Context. - Inflammation is pivotal to atherosclerosis. The monocyte-macrophage, a crucial cell in atherogenesis, is present during all stages of atherosclerosis. However, there is a paucity of data comparing circulating monocytes to cholesterol-laden macrophages (foam cells), with regard to their atherogenic properties, especially in subjects with established risk factors such as hyperlipidemia. Objective. - To determine whether the circulating blood monocyte is representative of the cholesterol-loaded macrophage with regard to its proatherogenicity in healthy controls and hyperlipidemic patients. Design. - Fasting blood was drawn from 32 subjects (n = 16 controls and n = 16 hyperlipidemic patients), and peripheral blood monocytes were obtained. Also, macrophages were cultured and loaded with acetyl low-density lipoprotein on day 10. Day 1 peripheral blood monocytes and day 11 cholesterol-loaded macrophages were assessed for release of superoxide anion and cytokines (interleukin 1, interleukin 6, tumor necrosis factor α); surface expression of CD11b, VLA-4, and CD40; and adhesion to human endothelium.
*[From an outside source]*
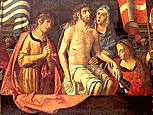 Holy Saturday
Results. - Monocyte and cholesterol-loaded macrophage superoxide anion release, cytokines, and adhesion of monocytes to human endothelium were significantly increased in hyperlipidemic patients compared with controls. Furthermore, following cholesterol loading, there were no significant differences in monocyte versus cholesterol-loaded macrophage activity (P = .71). Also, CD14 and CD11b surface expression on monocytes was significantly increased in hyperlipidemic patients as compared with controls. The magnitude of change in the monocytes versus cholesterol-loaded macrophages was similar. Conclusions. - From these studies, we can conclude that the monocyte, which is readily accessible, is an appropriate cell to study for modulation of proatherogenic activity, especially with regard to genomic and proteomic analyses/microarrays.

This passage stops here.